L’autre ténor constituait l’attraction principale de la soirée. Michael Spyres, qui avait donné quelques jours auparavant à Pesaro un récital très apprécié, avait, sur le papier, tous les atouts pour devenir un grand Rodrigo, et notamment des graves quasi-barytonants adaptés aux impressionnants sauts de registres que comporte la partition. Sur certains points, le public du Théâtre Rossini n’a pas été déçu : seul à chanter de mémoire, Spyres fait montre d’un engagement de tous les instants avec des intentions très justes. Sur presque tout l’ambitus, le timbre et la projection sont spectaculaires et font penser au jeune Merritt, en particulier dans le terrible «Eccomi a voi». Hélas, de manière chronique, surprenante et très gênante, tous les aigus se resserrent dramatiquement, partent vers l’arrière et deviennent quasi inaudibles. Alors que l’on attendrait de larges sons épanouis, la frustration à l’écoute est terrible. Dommage et inquiétant. Sans nul doute, ce spectacle restera-t-il dans la mémoire du ténor américain : la suspension due au malaise de Zedda l’a contraint, à la reprise, à attaquer directement une nouvelle fois la partie lente de l’air «Ma, dovè colei, che accende»… Une performance en soi.
Du côté des dames, le festival a misé sur la jeune soprano espagnole Carmen Romeu bien connue du public pésarais pour avoir assumé quelques seconds rôles depuis plusieurs années. Le pari n’est qu’à moitié réussi car, si la prestation n’est pas indigne, l’ensemble reste moyen. Le rondo final «Tanti affetti», qui doit exploser dans des vocalises jubilatoires, est à peine correct.

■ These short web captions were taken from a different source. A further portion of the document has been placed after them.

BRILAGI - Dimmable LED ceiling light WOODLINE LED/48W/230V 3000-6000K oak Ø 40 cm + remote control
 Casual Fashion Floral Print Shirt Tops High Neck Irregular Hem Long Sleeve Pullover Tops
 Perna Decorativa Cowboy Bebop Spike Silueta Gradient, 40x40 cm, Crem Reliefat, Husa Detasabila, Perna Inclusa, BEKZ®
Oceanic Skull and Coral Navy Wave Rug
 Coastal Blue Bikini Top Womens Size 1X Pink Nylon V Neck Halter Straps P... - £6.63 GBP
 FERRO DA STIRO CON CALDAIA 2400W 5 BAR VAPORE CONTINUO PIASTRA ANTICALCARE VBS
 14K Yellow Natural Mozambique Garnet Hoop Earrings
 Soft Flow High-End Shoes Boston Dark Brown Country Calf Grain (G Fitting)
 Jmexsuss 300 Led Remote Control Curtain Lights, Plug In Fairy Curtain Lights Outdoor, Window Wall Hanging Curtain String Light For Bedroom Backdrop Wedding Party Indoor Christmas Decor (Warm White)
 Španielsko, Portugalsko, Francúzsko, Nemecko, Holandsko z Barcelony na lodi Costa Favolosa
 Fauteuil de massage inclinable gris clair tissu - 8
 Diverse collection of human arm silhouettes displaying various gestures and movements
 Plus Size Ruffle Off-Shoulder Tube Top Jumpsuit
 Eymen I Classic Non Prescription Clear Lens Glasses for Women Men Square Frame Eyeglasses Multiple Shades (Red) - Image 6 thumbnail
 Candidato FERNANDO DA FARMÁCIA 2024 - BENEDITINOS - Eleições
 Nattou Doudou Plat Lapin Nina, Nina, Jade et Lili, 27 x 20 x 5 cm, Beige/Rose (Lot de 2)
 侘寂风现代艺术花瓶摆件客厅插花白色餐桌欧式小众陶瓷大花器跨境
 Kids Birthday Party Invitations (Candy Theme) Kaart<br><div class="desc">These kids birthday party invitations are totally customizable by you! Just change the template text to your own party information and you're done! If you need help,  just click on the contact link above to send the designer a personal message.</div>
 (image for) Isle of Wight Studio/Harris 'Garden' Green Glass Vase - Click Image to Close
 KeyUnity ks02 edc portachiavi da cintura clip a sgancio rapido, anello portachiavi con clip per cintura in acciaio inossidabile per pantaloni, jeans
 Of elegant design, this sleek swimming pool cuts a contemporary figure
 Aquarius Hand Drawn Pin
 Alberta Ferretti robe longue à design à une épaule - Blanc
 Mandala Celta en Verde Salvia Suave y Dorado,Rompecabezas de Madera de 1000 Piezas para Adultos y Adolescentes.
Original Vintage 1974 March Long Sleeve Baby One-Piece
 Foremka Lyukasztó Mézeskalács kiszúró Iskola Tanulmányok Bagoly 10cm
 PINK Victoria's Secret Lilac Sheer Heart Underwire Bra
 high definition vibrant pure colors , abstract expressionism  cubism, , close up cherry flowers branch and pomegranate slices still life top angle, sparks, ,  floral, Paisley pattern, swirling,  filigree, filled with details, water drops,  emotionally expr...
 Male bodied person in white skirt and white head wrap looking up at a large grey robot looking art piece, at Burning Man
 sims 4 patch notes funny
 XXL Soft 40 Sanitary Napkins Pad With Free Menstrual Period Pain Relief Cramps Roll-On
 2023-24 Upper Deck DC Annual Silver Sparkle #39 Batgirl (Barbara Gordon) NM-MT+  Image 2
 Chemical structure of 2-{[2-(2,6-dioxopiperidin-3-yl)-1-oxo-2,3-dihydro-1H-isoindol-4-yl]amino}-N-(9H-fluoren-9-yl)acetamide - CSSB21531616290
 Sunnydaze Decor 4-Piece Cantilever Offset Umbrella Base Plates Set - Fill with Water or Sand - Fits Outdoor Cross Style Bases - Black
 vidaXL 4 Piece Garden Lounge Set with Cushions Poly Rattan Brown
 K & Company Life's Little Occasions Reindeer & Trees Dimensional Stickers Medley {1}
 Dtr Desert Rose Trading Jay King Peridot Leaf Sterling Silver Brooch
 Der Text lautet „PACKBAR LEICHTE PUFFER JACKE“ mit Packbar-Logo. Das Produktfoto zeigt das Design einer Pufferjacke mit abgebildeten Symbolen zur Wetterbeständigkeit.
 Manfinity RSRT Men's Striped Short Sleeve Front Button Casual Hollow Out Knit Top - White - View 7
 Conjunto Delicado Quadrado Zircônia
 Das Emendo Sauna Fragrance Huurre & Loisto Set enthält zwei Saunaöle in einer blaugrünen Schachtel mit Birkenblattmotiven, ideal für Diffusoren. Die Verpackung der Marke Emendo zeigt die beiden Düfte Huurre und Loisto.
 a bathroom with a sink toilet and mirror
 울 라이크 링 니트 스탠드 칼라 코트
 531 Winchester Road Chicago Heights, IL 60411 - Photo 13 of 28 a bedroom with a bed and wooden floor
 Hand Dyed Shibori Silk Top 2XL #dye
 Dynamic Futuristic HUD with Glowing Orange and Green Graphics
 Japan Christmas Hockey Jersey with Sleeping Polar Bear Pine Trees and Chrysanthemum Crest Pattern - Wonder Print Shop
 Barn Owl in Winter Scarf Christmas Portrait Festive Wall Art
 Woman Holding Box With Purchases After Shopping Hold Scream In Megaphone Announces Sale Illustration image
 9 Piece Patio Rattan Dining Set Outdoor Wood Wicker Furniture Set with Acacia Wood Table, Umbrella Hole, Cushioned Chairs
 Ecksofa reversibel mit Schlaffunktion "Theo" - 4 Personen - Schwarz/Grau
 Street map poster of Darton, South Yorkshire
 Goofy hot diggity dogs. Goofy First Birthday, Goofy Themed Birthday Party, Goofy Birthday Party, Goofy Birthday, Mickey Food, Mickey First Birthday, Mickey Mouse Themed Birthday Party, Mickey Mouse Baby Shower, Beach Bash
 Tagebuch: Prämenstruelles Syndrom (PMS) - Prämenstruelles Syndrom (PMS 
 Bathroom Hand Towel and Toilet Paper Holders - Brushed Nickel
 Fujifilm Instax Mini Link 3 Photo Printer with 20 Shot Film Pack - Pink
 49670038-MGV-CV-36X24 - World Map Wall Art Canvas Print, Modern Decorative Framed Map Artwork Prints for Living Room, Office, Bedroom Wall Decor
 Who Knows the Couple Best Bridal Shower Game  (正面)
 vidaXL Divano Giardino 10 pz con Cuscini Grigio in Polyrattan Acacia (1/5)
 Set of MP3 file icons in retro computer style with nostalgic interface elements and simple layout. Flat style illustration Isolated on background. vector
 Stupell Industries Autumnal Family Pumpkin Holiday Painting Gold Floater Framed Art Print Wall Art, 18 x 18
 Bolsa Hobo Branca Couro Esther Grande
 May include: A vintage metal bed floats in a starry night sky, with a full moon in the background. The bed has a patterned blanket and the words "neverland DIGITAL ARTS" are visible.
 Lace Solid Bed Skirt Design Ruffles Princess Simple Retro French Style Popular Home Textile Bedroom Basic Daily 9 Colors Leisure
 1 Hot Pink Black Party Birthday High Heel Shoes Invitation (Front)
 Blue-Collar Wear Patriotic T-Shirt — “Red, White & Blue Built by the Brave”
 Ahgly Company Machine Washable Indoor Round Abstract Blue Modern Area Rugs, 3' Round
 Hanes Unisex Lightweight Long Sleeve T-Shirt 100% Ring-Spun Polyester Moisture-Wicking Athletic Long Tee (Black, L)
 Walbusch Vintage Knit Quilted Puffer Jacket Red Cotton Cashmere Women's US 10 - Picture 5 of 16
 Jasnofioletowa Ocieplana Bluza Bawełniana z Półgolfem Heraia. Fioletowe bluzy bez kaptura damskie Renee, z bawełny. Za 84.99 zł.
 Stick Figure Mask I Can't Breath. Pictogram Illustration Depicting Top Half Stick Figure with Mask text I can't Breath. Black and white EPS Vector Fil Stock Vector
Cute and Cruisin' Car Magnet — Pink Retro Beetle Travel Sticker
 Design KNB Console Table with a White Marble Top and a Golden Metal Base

La plus sympathique surprise vient du Malcolm de Chiara Amarù. La mezzo sicilienne, formée en partie au Communale de Bologne, se voit elle aussi confier un premier rôle après plusieurs expériences passées au côté de Zedda. Le résultat est concluant : la voix est très timbrée et permet à la fois de phraser et de vocalise souplement. A l’applaudimètre, c’est bien Amarù qui triomphe et après Rosine et Angelina, voilà une prise de rôle dans le genre serio qui ne demande qu’à s’épanouir.
Le reste de la distribution est solide, avec notamment Alberghini, très bien dans son air de l’acte 1, et Luciano entendus sur la scène de l’Adriatic Arena dans Guillaume Tell quelques jours plus tôt. En Albina, la jeune Mariangela Sicilia fait tout ce qu’elle peut pour se faire remarquer en ajoutant notes aiguës et variations ce qui, vu la modestie du rôle, est une gageure…
Les versions concertantes des opéras offrent la plupart du temps le meilleur ou le pire. On a eu, en cette dernière soirée pésaraise, un entre-deux, décevant en soi. Dans la patrie du grand Gioachino, on attend forcément l’excellence.